Dataset excerpts
-------------------------

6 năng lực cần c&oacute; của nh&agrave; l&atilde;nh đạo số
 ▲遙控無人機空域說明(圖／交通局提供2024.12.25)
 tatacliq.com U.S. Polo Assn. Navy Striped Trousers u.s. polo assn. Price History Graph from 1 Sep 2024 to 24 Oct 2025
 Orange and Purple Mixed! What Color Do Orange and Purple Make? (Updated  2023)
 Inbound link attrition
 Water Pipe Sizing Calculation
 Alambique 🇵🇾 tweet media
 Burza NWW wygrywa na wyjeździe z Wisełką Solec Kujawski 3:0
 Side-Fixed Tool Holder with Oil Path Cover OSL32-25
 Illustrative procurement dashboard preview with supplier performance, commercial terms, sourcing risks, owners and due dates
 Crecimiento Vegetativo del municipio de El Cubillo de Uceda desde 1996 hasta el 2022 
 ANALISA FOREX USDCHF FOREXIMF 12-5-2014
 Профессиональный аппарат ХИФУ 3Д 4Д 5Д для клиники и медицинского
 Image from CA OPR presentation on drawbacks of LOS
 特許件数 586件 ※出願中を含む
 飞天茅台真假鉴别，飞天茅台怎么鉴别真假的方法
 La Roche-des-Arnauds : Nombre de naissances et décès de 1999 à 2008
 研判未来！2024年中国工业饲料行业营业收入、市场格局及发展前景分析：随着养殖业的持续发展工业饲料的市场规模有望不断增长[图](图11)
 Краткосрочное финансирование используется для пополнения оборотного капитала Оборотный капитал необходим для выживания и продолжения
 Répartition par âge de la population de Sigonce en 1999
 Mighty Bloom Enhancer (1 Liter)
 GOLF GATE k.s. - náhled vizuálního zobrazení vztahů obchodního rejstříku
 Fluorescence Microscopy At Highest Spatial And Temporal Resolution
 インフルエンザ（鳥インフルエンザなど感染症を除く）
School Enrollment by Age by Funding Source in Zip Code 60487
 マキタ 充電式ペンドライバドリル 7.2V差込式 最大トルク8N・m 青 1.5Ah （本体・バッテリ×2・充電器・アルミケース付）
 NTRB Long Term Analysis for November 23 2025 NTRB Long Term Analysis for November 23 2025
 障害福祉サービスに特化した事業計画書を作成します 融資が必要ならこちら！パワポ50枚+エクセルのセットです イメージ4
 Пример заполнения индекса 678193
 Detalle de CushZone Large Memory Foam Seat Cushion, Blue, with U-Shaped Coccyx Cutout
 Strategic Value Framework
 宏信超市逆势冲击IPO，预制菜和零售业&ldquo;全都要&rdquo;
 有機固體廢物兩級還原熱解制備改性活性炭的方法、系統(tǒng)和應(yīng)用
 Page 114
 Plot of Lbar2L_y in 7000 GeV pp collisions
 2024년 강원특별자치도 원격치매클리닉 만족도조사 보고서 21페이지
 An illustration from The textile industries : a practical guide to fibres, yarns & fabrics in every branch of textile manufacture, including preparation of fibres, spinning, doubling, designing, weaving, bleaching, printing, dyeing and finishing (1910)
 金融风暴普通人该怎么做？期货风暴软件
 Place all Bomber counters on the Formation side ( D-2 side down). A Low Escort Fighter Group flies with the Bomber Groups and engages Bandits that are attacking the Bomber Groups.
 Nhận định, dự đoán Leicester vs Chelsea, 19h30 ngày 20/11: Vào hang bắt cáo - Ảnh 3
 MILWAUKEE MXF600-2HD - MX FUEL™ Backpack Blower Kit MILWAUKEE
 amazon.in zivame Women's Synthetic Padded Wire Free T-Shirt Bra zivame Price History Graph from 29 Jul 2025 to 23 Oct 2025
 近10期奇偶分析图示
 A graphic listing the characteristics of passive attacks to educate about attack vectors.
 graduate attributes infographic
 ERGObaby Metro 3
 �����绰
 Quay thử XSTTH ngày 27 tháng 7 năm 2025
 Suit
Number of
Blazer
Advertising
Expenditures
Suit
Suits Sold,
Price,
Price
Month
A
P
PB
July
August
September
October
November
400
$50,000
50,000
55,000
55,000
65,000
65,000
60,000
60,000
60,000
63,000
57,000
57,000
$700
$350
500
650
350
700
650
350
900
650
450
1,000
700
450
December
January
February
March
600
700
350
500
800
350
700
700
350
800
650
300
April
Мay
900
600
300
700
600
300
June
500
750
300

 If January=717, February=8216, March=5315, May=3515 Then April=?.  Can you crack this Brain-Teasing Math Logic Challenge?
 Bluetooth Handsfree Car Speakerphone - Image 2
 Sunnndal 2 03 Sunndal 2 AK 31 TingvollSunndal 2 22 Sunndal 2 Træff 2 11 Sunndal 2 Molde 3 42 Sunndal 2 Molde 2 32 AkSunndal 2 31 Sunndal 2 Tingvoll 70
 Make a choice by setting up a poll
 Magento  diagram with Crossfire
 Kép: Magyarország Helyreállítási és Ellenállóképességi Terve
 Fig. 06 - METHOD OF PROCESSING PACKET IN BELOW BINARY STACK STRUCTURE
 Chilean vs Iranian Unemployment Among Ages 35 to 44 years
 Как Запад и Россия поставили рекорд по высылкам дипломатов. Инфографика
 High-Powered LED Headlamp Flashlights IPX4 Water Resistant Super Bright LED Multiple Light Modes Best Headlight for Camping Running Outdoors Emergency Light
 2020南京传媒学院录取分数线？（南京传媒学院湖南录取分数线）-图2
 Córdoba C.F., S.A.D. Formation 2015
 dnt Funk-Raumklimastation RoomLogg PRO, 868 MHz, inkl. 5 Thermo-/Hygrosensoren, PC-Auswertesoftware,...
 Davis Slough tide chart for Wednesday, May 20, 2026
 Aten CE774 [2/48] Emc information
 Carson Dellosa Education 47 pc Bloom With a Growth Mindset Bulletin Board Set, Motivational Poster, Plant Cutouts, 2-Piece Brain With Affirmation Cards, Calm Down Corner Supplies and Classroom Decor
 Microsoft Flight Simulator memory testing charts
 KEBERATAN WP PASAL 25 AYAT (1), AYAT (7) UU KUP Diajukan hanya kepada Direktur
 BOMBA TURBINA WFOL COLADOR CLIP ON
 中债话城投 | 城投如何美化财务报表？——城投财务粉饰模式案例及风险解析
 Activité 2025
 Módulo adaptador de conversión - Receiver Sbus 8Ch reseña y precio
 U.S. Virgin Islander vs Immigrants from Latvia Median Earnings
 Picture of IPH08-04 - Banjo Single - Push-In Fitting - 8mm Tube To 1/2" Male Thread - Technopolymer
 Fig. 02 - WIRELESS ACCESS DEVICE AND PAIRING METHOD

-------------------------

On how many lines above does the word "Image" appear? Answer with that figure only.

▸ Exercise answer: 2